● **TASK DESCRIPTION**
Could you print the stretch of lines below from the one with "3.4 x 11.8 oushak" through the one with "Heartbeat Purple Print", exactly as they stand and without any pictures?

● **AVAILABLE RECORDS**
--- START ---
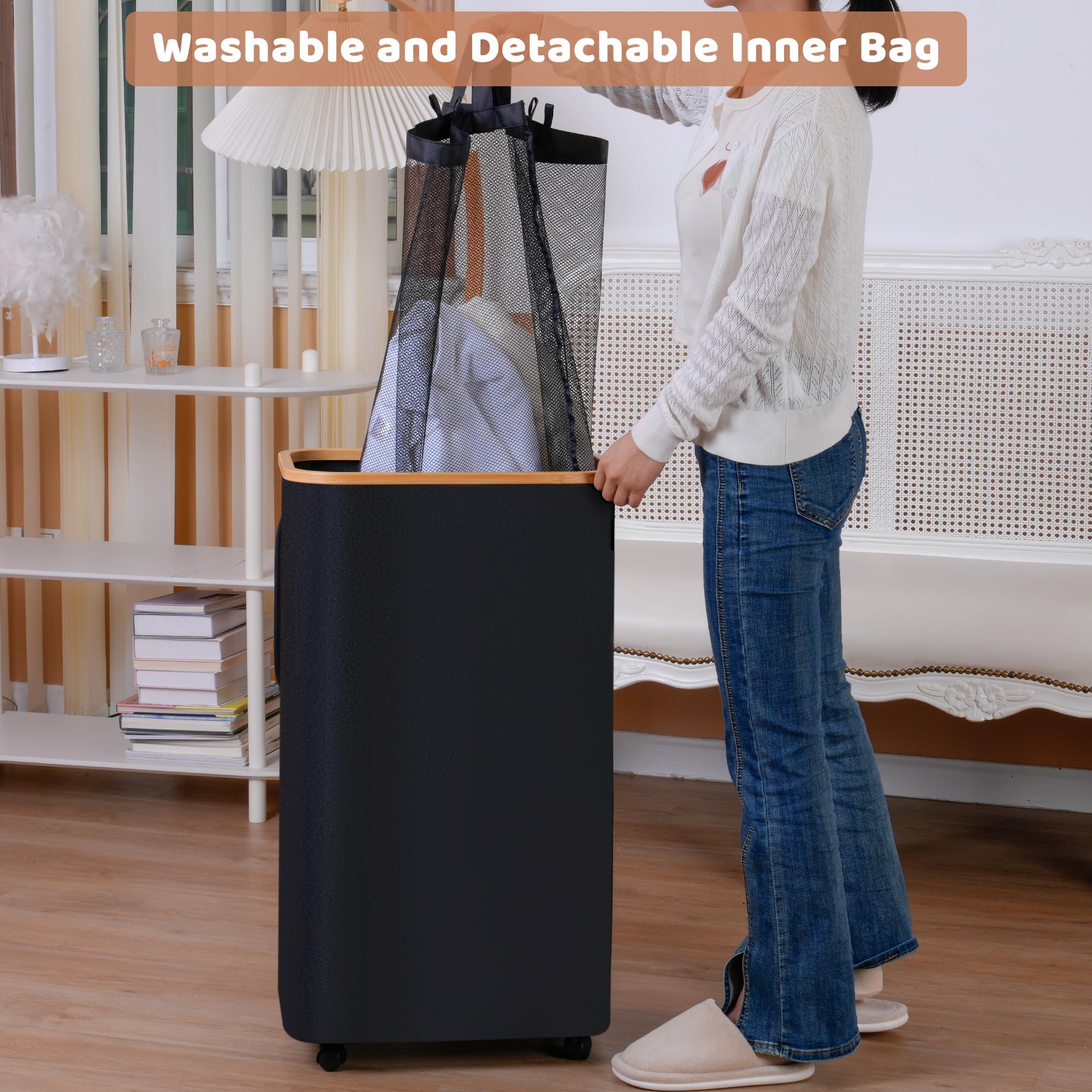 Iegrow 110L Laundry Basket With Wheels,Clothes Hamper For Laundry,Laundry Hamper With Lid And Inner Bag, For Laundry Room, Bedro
--- END ---
--- START ---
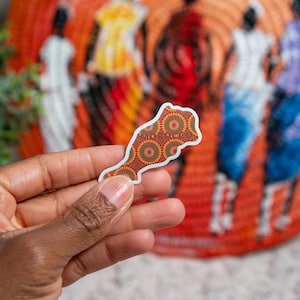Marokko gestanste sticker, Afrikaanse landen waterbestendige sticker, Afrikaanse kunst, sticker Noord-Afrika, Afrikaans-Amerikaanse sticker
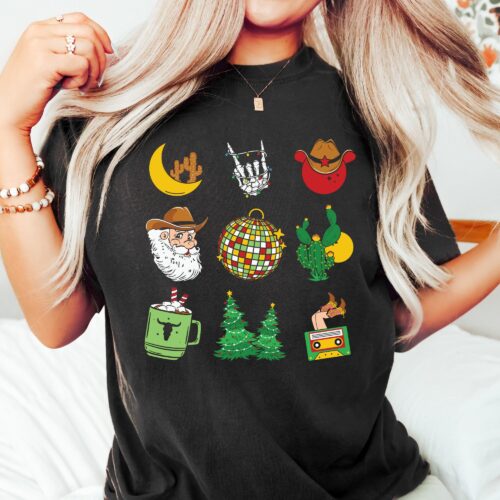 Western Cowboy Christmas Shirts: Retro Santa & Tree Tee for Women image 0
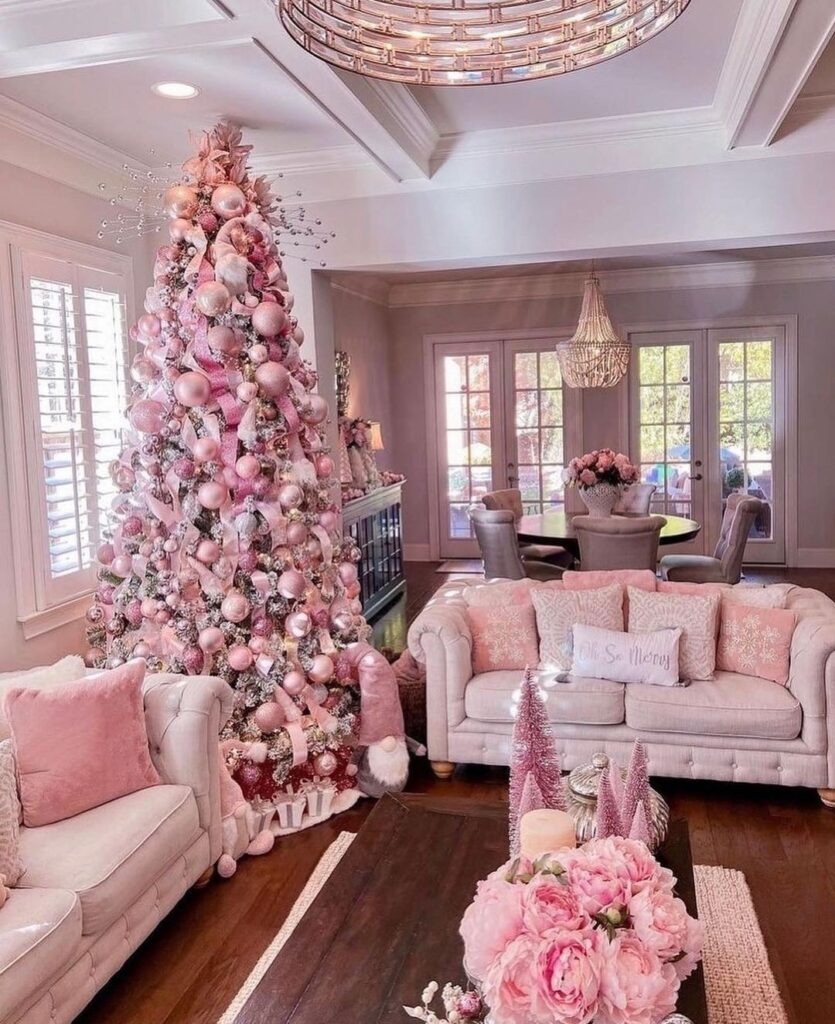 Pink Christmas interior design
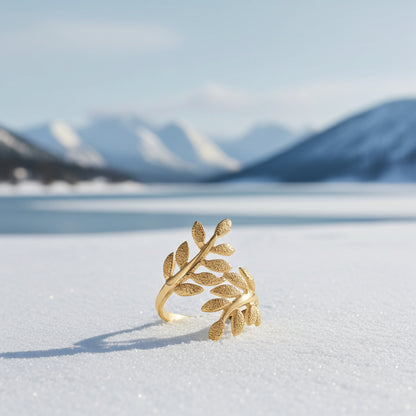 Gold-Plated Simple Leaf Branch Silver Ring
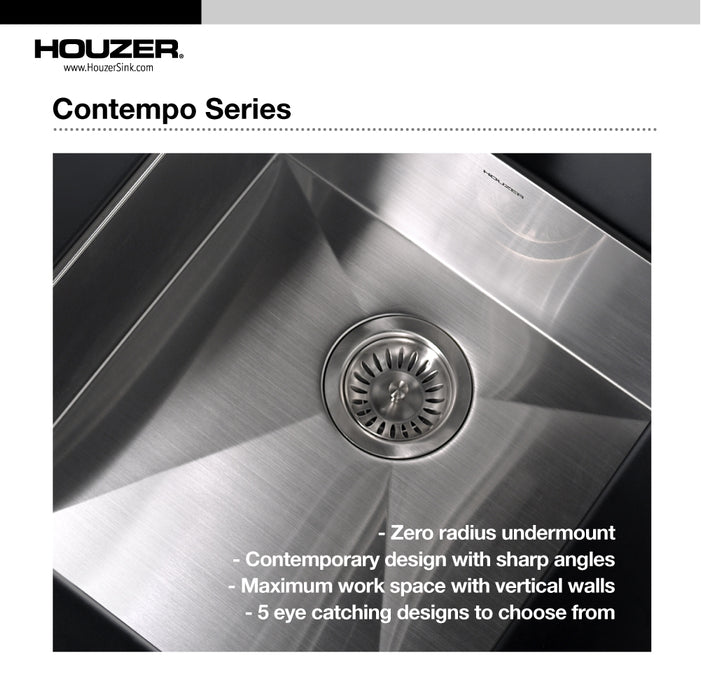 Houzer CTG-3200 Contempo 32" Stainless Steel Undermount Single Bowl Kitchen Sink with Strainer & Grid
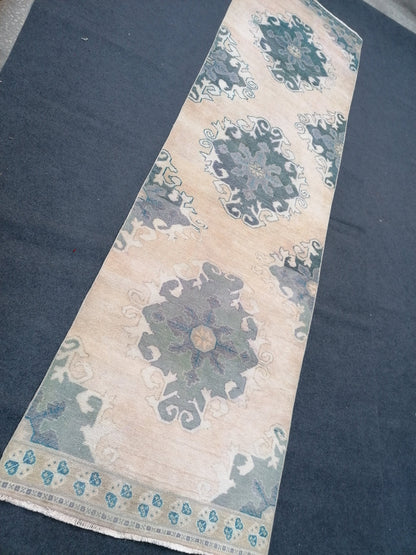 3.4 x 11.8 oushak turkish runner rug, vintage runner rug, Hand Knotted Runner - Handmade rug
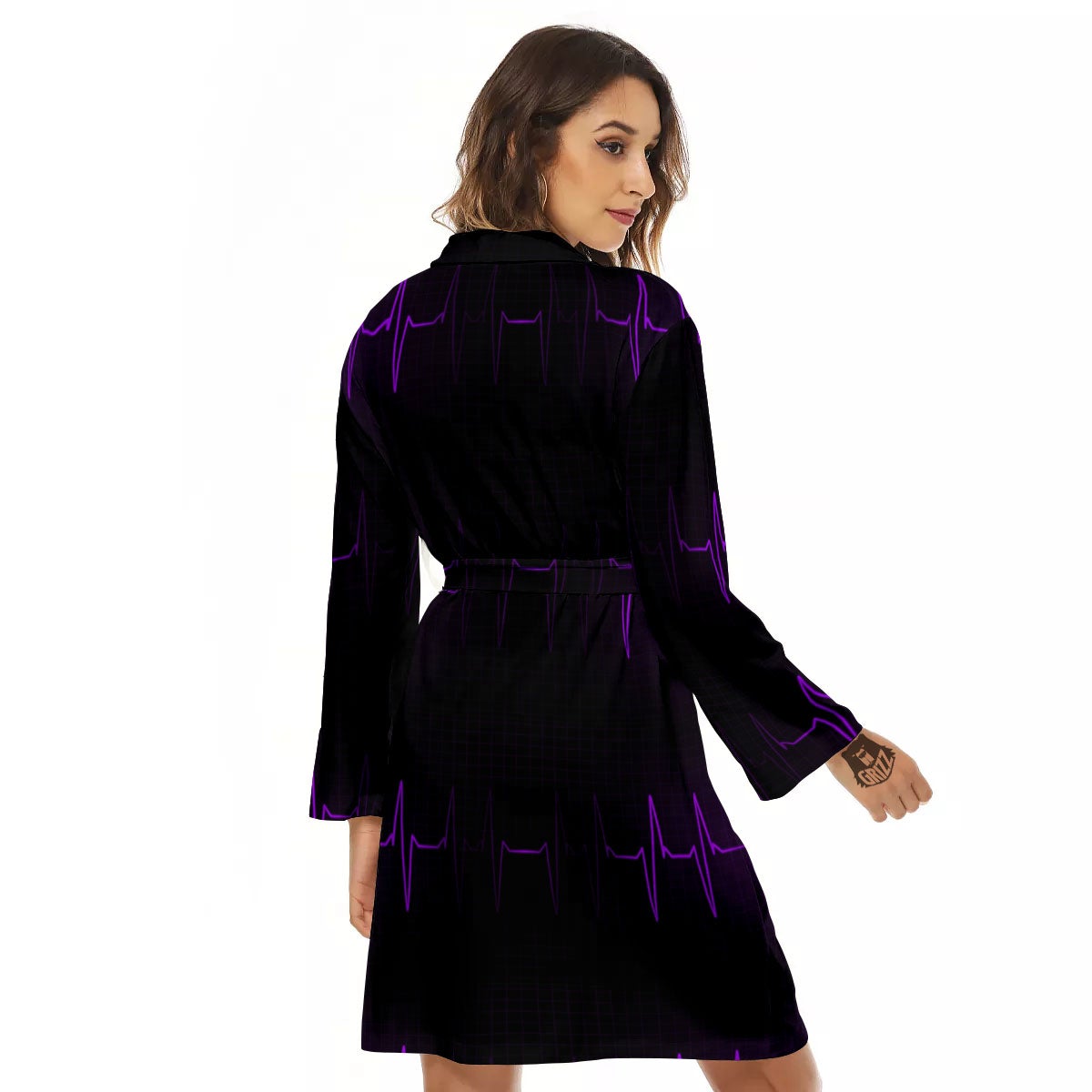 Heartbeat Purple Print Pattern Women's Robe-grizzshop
--- END ---
● **TASK RESPONSE**
 3.4 x 11.8 oushak turkish runner rug, vintage runner rug, Hand Knotted Runner - Handmade rug
 Heartbeat Purple Print Pattern Women's Robe-grizzshop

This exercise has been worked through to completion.